Nothing to tell whether k = 2 or k = 1 can have more answers. The fact is k = 1 should be ultimate but found only 3 answers.

c^3 - 60 c^2 + 16 c + 960 = 0

z^3 - 1184 z - 14720 = 0

c = z + 20

(30, 30, c); {Isosceles}

(30, 17 + sqrt(161), 17 - sqrt(161)); {Right angled (one more)}

(30, 16 + sqrt(101), 16 - sqrt(101)); {Obtuse (s - a) = 1}

(30, 15 + 120/ 221, 15 + 120/ 221); {Middle}

(30, 17 + sqrt(161), 17 - sqrt(161)) is obtained via z^3 - 38 z^2 - 884 z + 34680 = 0 with z = (b + c) in a way with no presumed initial. The cubic equation is not a genuine cubic equation as it is a case in between some critical change. Finally, it is found to be (s - a) = k = 2. With simple presumed sides of (30, b, 34 - b), it is obtainable easily.

(30, 16 + 2 sqrt(33), 16 - 2 sqrt(33)) is hence found for (s - a) = k = 1 as (30, b, 32 - b). For s = 3, (30, 18 + 8 sqrt(3), 18 - 8 sqrt(3)) seem to hold but actually not. For s = 4, (30, 34, 4) is also a failure. For, s >= 5, all are not answer.

A missing one is however not answer of all integers. Nevertheless, it can be seen that only (s - a) = k <= 2 can have valid answers to right order.

The merit finally is we search for (a, b, a - b + 2) and (a, b, a - b + 4) only particularly for a > 3000 which had not been considered for example, and relations of the 5 found are clearer.

{[(b - k)^2 + 4]/ [(b - k) - 4/ k], b, [(b - k)^2 + 4]/ [(b - k) - 4/ k] - b + 2 k} is to become 1 dimensional search with varying b when only k = 1 and k = 2 are to be considered.

I utilized only (1 + 1/2) minutes to finish b = 1 to 10,000,000 search for k = 1, 2, 3, 4 and 5 via 32-bits LONGINT using Turbo Pascal and confirmed to have no other than the 5 answers. MOD and DIV are applied with b, p, p1, p2, q, q1, q2, r, r1, r2, s, s1, s2, t, t1 and t2 as variables, (a, b, a - b + 2 k) actually. Only k = 1 and k = 2 arise with answers to preserve the first as longest side without added routines.

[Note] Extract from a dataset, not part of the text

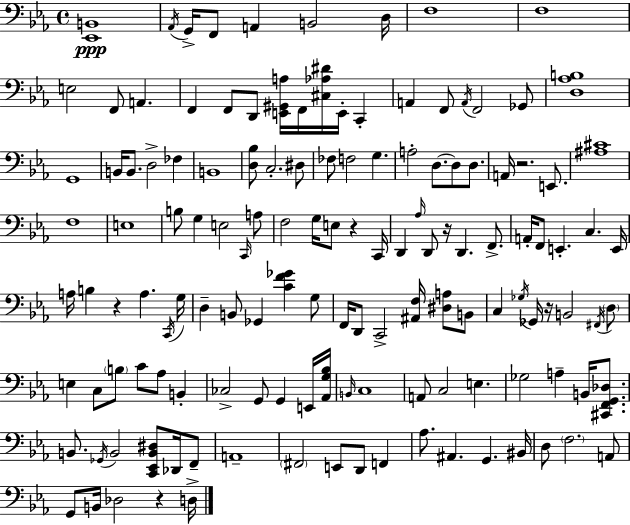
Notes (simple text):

[Eb2,B2]/w Ab2/s G2/s F2/e A2/q B2/h D3/s F3/w F3/w E3/h F2/e A2/q. F2/q F2/e D2/e [E2,G#2,A3]/s F2/s [C#3,Ab3,D#4]/s E2/s C2/q A2/q F2/e A2/s F2/h Gb2/e [D3,Ab3,B3]/w G2/w B2/s B2/e. D3/h FES3/q B2/w [D3,Bb3]/e C3/h. D#3/e FES3/e F3/h G3/q. A3/h D3/e. D3/e D3/e. A2/s R/h. E2/e. [A#3,C#4]/w F3/w E3/w B3/e G3/q E3/h C2/s A3/e F3/h G3/s E3/e R/q C2/s D2/q Ab3/s D2/e R/s D2/q. F2/e. A2/s F2/e E2/q. C3/q. E2/s A3/s B3/q R/q A3/q. C2/s G3/s D3/q B2/e Gb2/q [C4,F4,Gb4]/q G3/e F2/s D2/e C2/h [A#2,F3]/s [D#3,A3]/e B2/e C3/q Gb3/s Gb2/s R/s B2/h F#2/s D3/e E3/q C3/e B3/e C4/e Ab3/e B2/q CES3/h G2/e G2/q E2/s [Ab2,G3,Bb3]/s B2/s C3/w A2/e C3/h E3/q. Gb3/h A3/q B2/s [C#2,F2,G2,Db3]/e. B2/e. Gb2/s B2/h [C2,Eb2,B2,D#3]/e Db2/s F2/e A2/w F#2/h E2/e D2/e F2/q Ab3/e. A#2/q. G2/q. BIS2/s D3/e F3/h. A2/e G2/e B2/s Db3/h R/q D3/s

[(b - k)^2 + 4] MOD [(b - k) - 4/ k] = 0 becomes the core or the key for reason meeting each other. Reducing the rank simplify the search with a risk of fault introduced. Therefore, we study these carefully so that nothing is omitted to the simplification. Once we finish to an extreme to resemble infinity, divergence shall tell the certainty for only 5 answers. After b = 1 to 25 with k = 1 and k = 2, display using Excel appeared to be the limit at b = 25.

[c + 3 + 20/ (c - 5), 5 + 20/ (c - 5), c] for c = 9, 7 and 6; {10, 15 and 25 produce redundant worse order.}

[c + 8/ (c - 4), 4 + 8/ (c - 4), c] for c = 6 and 5; {8 and 12 produce redundant worse order.}

b and c can interchange. No need to search further.